After playing a clip of Michele Bachmann longing for a return to the "Founders' vision of a constitutionally conservative government," MSNBC's Chris Matthews on Monday assumed the Republican presidential candidate meant "slavery."
The Hardball anchor offered bizarre analogies, questioning former RNC Chair Michael Steele on Bachmann's 2012 campaign: "What is this, Michael? The Protestant Reformation? That somehow we're going back to the purity of the original Christian church?"
Immediately jumping to the worst interpretation, Matthews continued, "We're going back to the original perfection of slaveholders and how perfect they were and government is the enemy. She speaks pure Tea Party lingo."
After Steele asserted that Bachmann was simply "reminding us of foundational principles," the liberal anchor smeared, "What? Slavery?"
Matthews, who previously trashed the Republican as a "zombie" and a "nutcase ," weirdly critiqued Fox News host Chris Wallace for wondering if Bachmann was a "flake."
The MSNBC journalist chastised, "I think [Wallace] hurt her feelings there. A very human moment there, I know Michele Bachmann a little bit as a human being."
A partial transcript of the June 27 segment:
5:02 PM EDT:
CHRIS MATTHEWS: Here she is, Michele Bachmann, the congressman [sic], in her announcement speech this morning in Waterloo, Iowa. Let's listen.
MICHELE BACHMANN: I want my candidacy for the presidency of the United States to stand for a moment when we, the people, stand once again for the independence from a government that has gotten too big and spends too much and has taken away too much of our liberties. Government thinks it knows better. Government thinks it knows better how to spend our money. Government thinks it knows better how to make a better life for us. They think they create jobs. They even think they can make us healthier, but that's not the case. We have to recapture the Founders' vision of a constitutionally conservative government if we are to secure the promise for the future.
CHRIS MATTHEWS: What is this, Michael? The Protestant Reformation? That somehow we're going back to the purity of the original Christian church? We're going back to the original perfection of slaveholders and how perfect they were and government is the enemy. She speaks pure Tea Party lingo.
MICHAEL STEELE: Well, she's like the Council of Trent for the Catholic Church.
MATTHEWS: Right. What is it she's going back to the purity of the old days?
STEELE: She's not going back to the purity of the old days.
MATTHEWS: Yes, she is.
STEELE: It's reminding us of some of the foundational principles.
STEELE: What? Slavery?
MATTHEWS: Well, that was in the original founding principles.

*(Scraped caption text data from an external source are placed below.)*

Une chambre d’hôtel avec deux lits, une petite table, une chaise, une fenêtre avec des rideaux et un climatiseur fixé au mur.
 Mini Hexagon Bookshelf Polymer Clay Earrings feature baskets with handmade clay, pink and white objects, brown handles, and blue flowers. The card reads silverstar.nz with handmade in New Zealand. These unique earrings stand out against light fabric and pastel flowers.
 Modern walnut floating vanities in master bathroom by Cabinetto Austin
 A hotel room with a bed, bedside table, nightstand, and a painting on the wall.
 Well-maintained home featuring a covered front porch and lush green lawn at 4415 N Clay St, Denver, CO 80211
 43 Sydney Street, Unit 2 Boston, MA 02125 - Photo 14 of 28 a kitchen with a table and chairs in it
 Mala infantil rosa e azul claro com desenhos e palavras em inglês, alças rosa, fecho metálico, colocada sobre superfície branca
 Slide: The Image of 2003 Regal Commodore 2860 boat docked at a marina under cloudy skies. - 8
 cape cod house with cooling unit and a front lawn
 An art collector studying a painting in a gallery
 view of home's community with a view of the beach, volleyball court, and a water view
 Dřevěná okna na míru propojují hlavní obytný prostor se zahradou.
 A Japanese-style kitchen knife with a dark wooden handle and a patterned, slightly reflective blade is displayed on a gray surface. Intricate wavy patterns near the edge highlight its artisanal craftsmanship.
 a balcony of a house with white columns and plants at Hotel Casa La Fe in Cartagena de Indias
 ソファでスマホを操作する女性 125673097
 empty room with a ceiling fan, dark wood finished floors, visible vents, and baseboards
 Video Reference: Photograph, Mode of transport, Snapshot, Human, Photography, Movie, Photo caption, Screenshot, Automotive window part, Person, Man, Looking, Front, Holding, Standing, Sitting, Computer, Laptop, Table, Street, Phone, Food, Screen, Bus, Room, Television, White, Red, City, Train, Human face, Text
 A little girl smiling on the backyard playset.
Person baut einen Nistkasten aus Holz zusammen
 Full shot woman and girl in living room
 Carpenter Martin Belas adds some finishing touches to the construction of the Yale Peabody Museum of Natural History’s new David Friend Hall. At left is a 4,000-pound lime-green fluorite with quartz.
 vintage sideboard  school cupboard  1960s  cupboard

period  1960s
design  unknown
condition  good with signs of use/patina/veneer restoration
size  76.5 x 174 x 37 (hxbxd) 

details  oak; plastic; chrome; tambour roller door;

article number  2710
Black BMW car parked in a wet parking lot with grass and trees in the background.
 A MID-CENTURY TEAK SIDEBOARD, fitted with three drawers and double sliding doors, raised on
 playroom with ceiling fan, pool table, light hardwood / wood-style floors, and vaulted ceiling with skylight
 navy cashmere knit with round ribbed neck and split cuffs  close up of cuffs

STEELE: Please, Chris. Stop. Stop jumping in. You know that's not what this is about. And the reality is, when I became chairman of the RNC in 2009, I inherited a party that was lost. Its moorings not anchored as they once were. And, so, you've have candidates now who have emerged out of the last two years who understand by going around the country and listening to the people what some of those foundational issues are for them. Let me speak to that.
MATTHEWS: Okay, let's take Michael at his word. The foundational issues: Government is bad.
DAVID CORN: Right..
MATTHEWS: Government is bad. She's in the government, by the way. She's paid by the-
STEELE: Well, who best to talk about this?
[Matthews on Wallace wondering if Bachmann is a "flake."]
MATTHEWS: I think he hurt her feelings there. A very human moment there, I know Michele Bachmann a little bit as a human being. Forget the arguments we have here. Let's go on, because I think Chris Wallace in his favor was trying to use the language other people were using. It wasn't his thought, but it came across as his thought and that's why, after the show ended, Wallace apologized for the question he put. And I know how you get in these situations. Not exactly this way, but he got in it this way.